SUPPLIED MATERIAL below:

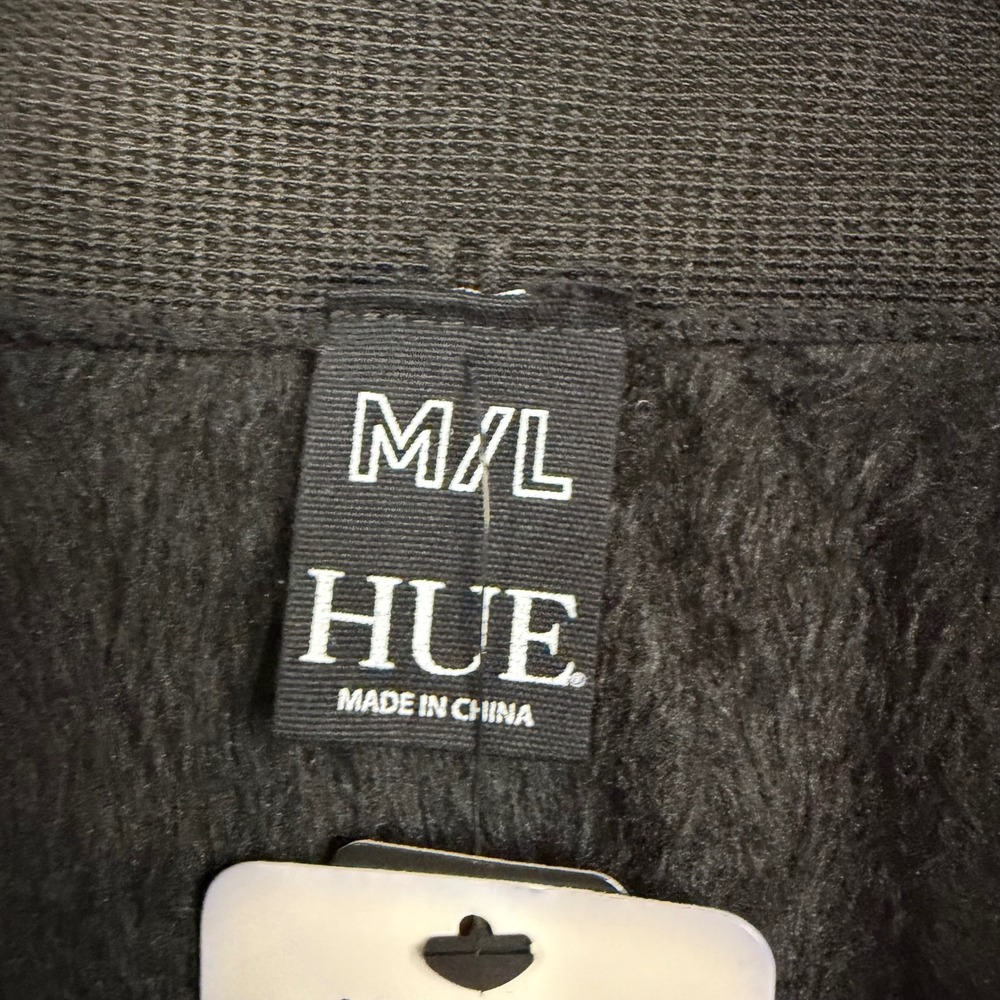 HUE Black Fleece Lined Leggings Womens Size M/L Solid Slim Fit Elastic Waist - Picture 4 of 9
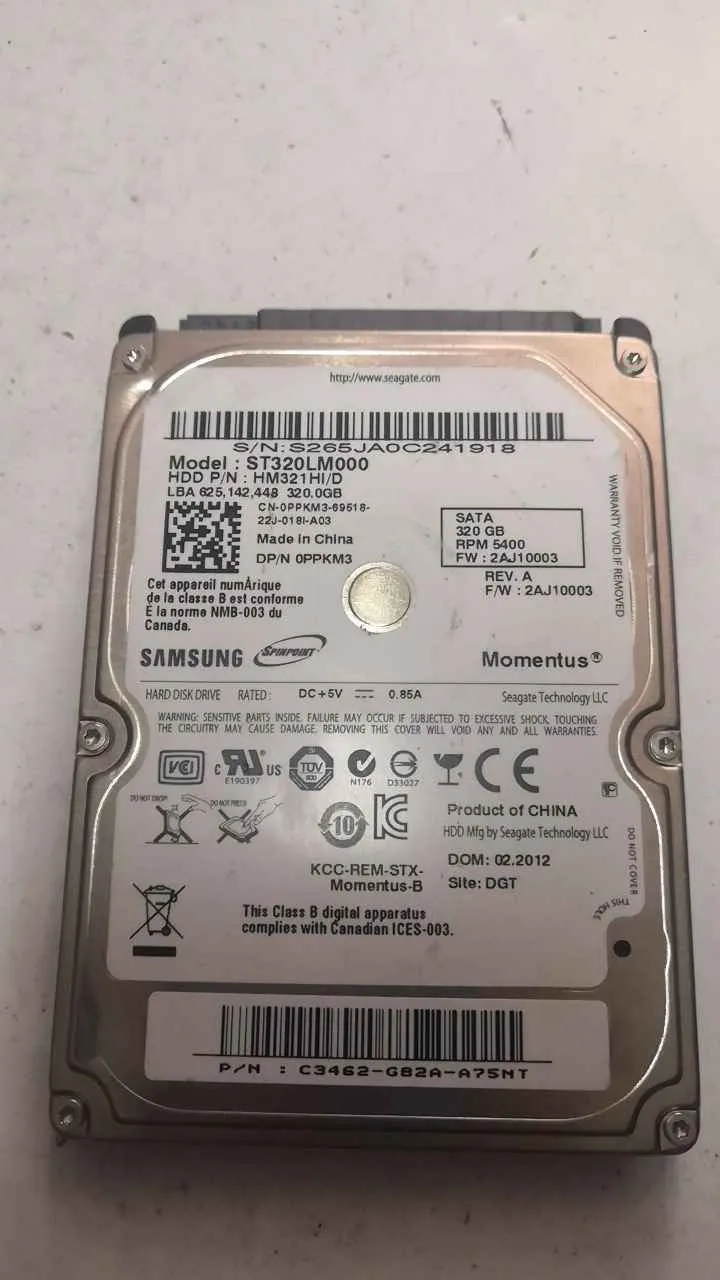 Seagate ST320LM00 S/N S265JA0C241918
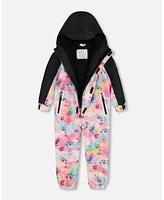 Deux par Big Girls Printed Mid-Season One-Piece Outerwear Butterflies On Multicolored Black Background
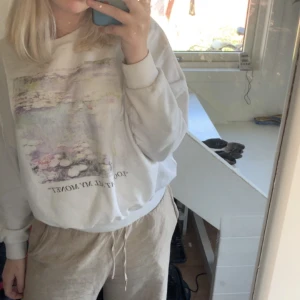 Vit tröja  - Vit tröja med tryck på framsidan, den är knappt använd och är i fint skick🤍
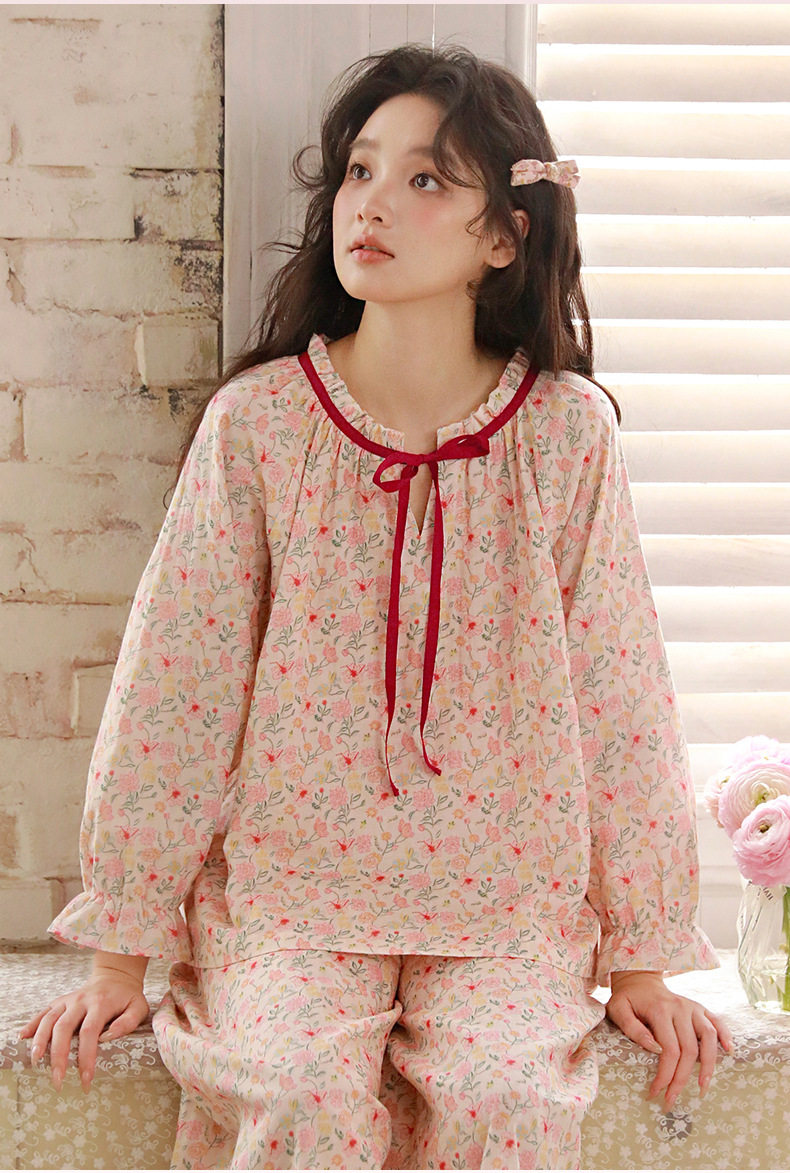 春夏睡衣女纯棉纱布甜美碎花圆领韩版宽松9分袖长裤可外穿家居服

End of SUPPLIED MATERIAL.

WORK INSTRUCTION: Write out the data above precisely. Pictures stay out.

RESULT OF THIS EXERCISE:
 HUE Black Fleece Lined Leggings Womens Size M/L Solid Slim Fit Elastic Waist - Picture 4 of 9
 Seagate ST320LM00 S/N S265JA0C241918
 Deux par Big Girls Printed Mid-Season One-Piece Outerwear Butterflies On Multicolored Black Background
 Vit tröja  - Vit tröja med tryck på framsidan, den är knappt använd och är i fint skick🤍
 春夏睡衣女纯棉纱布甜美碎花圆领韩版宽松9分袖长裤可外穿家居服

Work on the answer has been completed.